◆ **WHAT IS REQUIRED**
Each line in the records below, from the one that contains "Vuosaari power plants" to the one that contains "doorway with light", should be reproduced exactly, the first and last included.

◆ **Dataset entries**
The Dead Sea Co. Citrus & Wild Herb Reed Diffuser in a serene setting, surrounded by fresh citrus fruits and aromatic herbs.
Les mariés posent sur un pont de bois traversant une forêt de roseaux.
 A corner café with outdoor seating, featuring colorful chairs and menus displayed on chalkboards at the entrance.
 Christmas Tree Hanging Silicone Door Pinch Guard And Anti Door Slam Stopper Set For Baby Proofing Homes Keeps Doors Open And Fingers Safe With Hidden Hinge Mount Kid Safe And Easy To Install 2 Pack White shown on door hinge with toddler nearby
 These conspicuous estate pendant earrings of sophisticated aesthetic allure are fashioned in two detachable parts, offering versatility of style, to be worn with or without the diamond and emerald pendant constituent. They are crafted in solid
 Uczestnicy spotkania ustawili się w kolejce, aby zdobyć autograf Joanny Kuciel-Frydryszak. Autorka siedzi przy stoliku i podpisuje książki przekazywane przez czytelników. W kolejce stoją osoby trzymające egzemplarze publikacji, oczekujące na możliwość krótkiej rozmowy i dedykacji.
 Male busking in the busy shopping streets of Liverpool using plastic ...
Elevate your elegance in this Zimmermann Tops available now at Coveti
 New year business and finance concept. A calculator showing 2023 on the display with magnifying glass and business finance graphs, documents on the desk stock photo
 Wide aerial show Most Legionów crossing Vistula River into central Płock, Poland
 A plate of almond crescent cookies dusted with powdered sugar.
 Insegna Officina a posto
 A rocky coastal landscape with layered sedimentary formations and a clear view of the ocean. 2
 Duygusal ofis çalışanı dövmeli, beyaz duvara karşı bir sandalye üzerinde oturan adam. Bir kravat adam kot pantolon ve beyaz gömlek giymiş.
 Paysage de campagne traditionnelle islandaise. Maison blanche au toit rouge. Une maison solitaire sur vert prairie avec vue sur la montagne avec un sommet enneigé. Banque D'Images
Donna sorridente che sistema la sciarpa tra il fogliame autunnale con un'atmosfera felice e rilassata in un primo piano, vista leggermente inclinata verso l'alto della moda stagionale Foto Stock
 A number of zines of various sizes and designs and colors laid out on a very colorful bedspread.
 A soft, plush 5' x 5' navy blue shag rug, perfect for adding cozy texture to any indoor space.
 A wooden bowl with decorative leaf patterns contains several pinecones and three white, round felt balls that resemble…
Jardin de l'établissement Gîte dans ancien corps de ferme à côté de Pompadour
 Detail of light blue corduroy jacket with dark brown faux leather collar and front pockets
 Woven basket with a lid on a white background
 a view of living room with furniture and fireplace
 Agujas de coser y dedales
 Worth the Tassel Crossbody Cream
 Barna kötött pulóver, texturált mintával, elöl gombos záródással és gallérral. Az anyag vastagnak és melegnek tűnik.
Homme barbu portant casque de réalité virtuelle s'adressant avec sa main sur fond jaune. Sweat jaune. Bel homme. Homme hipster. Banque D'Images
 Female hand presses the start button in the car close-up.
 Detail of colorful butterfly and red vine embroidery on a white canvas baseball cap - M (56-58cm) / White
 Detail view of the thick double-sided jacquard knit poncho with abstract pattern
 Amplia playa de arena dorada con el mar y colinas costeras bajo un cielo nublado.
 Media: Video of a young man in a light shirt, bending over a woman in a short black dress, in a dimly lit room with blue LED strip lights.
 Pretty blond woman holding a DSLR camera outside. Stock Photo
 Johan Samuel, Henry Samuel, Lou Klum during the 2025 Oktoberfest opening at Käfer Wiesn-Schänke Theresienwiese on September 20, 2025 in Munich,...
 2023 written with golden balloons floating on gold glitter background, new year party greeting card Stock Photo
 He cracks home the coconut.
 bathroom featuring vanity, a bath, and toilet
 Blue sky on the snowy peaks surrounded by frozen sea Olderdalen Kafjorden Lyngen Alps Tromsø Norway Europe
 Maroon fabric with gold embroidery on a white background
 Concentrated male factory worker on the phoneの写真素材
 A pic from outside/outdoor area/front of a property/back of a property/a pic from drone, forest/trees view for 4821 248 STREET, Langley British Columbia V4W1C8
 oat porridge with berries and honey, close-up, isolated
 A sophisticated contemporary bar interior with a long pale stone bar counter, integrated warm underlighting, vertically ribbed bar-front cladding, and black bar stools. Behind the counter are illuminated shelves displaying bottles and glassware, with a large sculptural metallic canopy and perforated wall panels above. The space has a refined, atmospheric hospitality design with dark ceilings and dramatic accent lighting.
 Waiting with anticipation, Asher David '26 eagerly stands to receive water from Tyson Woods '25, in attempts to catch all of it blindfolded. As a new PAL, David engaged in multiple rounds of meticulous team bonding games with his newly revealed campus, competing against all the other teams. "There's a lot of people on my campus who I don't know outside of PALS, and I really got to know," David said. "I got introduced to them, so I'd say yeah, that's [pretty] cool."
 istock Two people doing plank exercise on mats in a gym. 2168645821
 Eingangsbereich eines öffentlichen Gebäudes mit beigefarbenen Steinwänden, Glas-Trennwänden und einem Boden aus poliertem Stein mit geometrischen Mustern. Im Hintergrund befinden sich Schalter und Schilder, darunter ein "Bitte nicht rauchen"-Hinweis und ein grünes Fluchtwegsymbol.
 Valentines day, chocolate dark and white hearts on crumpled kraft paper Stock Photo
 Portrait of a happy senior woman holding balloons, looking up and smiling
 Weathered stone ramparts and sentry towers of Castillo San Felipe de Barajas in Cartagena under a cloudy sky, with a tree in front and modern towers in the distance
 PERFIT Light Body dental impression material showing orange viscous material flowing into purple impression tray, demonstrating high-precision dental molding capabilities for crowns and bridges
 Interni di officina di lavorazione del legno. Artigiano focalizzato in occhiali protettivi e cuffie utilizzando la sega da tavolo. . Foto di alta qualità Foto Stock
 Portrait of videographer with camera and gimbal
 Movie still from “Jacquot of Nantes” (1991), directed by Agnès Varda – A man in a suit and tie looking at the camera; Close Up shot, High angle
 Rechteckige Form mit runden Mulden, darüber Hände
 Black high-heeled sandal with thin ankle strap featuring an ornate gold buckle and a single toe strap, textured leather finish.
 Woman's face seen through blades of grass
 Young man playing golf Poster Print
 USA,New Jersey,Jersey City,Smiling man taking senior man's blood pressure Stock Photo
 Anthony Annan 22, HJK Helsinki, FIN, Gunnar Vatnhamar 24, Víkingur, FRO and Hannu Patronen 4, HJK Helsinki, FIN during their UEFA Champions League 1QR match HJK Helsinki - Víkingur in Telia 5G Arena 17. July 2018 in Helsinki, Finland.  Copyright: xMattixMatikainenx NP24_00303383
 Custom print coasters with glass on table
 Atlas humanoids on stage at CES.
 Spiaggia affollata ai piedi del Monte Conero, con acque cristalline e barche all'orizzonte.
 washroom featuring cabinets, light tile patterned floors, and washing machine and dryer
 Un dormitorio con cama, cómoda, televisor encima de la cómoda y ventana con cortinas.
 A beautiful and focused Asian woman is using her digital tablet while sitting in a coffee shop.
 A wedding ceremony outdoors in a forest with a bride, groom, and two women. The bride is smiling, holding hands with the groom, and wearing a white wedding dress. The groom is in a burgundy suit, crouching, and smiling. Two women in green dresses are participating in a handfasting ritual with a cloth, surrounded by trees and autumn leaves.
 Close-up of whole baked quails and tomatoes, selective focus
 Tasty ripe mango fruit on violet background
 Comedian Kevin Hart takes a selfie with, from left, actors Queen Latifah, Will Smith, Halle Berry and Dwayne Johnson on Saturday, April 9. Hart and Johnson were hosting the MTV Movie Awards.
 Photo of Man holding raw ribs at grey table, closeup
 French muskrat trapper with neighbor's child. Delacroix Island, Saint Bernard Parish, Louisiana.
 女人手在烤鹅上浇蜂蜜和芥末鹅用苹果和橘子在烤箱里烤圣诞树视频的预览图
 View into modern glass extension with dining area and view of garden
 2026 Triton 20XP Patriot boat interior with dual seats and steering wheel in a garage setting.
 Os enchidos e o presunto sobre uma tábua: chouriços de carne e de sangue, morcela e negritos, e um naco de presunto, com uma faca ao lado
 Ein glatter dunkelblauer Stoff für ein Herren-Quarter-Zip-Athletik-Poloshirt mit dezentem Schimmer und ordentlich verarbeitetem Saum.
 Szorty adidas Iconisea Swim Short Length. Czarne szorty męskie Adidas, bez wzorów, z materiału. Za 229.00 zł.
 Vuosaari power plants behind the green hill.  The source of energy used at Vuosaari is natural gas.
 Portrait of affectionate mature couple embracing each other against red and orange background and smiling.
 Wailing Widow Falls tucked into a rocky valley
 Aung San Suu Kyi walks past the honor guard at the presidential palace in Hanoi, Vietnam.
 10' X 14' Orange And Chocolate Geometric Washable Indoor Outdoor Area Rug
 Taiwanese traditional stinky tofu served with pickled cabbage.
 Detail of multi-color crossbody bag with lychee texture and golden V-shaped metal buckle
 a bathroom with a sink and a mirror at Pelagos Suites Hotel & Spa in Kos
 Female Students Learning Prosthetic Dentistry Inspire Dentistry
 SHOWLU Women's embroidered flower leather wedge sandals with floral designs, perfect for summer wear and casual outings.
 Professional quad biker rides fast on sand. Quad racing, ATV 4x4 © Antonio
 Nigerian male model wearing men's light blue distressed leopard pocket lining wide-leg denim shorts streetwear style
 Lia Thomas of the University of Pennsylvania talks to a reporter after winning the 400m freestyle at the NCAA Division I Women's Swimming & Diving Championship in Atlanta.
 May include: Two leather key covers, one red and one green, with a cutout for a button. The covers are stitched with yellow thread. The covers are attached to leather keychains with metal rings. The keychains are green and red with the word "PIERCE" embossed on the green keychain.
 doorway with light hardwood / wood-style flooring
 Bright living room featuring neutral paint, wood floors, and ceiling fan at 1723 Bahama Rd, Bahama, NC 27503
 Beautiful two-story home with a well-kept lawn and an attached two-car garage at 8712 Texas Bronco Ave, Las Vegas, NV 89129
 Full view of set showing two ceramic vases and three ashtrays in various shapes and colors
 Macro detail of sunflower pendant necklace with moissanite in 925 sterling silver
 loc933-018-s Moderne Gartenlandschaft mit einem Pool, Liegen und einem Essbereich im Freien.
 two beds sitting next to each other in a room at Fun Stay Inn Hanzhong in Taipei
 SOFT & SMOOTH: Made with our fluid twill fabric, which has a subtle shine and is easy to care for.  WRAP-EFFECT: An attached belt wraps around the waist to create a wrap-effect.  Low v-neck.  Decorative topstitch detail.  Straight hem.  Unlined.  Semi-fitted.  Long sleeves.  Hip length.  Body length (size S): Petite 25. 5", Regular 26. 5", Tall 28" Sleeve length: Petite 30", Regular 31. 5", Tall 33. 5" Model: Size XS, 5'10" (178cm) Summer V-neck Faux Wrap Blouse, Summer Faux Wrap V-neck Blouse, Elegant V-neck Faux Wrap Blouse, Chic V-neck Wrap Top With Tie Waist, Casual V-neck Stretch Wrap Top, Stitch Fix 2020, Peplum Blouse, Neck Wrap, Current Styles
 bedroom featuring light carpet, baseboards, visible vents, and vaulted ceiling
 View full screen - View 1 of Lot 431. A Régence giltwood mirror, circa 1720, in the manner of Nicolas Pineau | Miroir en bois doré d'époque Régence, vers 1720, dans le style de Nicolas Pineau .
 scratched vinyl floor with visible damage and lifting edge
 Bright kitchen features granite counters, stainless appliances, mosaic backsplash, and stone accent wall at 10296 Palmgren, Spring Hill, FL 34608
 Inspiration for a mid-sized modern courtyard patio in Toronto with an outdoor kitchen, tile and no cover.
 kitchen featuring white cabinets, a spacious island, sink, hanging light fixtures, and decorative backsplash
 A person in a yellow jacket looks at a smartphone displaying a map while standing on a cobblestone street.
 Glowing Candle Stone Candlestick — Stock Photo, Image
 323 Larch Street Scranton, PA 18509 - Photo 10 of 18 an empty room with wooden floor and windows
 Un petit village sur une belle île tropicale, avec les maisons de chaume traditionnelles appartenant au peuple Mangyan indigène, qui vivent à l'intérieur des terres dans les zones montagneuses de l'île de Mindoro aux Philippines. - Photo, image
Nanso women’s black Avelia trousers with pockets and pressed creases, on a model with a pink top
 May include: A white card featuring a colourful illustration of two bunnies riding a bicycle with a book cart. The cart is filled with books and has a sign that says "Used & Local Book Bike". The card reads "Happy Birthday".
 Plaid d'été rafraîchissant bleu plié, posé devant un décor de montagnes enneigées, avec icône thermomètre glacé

◆ **ANSWER SPACE**
 Vuosaari power plants behind the green hill.  The source of energy used at Vuosaari is natural gas.
 Portrait of affectionate mature couple embracing each other against red and orange background and smiling.
 Wailing Widow Falls tucked into a rocky valley
 Aung San Suu Kyi walks past the honor guard at the presidential palace in Hanoi, Vietnam.
 10' X 14' Orange And Chocolate Geometric Washable Indoor Outdoor Area Rug
 Taiwanese traditional stinky tofu served with pickled cabbage.
 Detail of multi-color crossbody bag with lychee texture and golden V-shaped metal buckle
 a bathroom with a sink and a mirror at Pelagos Suites Hotel & Spa in Kos
 Female Students Learning Prosthetic Dentistry Inspire Dentistry
 SHOWLU Women's embroidered flower leather wedge sandals with floral designs, perfect for summer wear and casual outings.
 Professional quad biker rides fast on sand. Quad racing, ATV 4x4 © Antonio
 Nigerian male model wearing men's light blue distressed leopard pocket lining wide-leg denim shorts streetwear style
 Lia Thomas of the University of Pennsylvania talks to a reporter after winning the 400m freestyle at the NCAA Division I Women's Swimming & Diving Championship in Atlanta.
 May include: Two leather key covers, one red and one green, with a cutout for a button. The covers are stitched with yellow thread. The covers are attached to leather keychains with metal rings. The keychains are green and red with the word "PIERCE" embossed on the green keychain.
 doorway with light hardwood / wood-style flooring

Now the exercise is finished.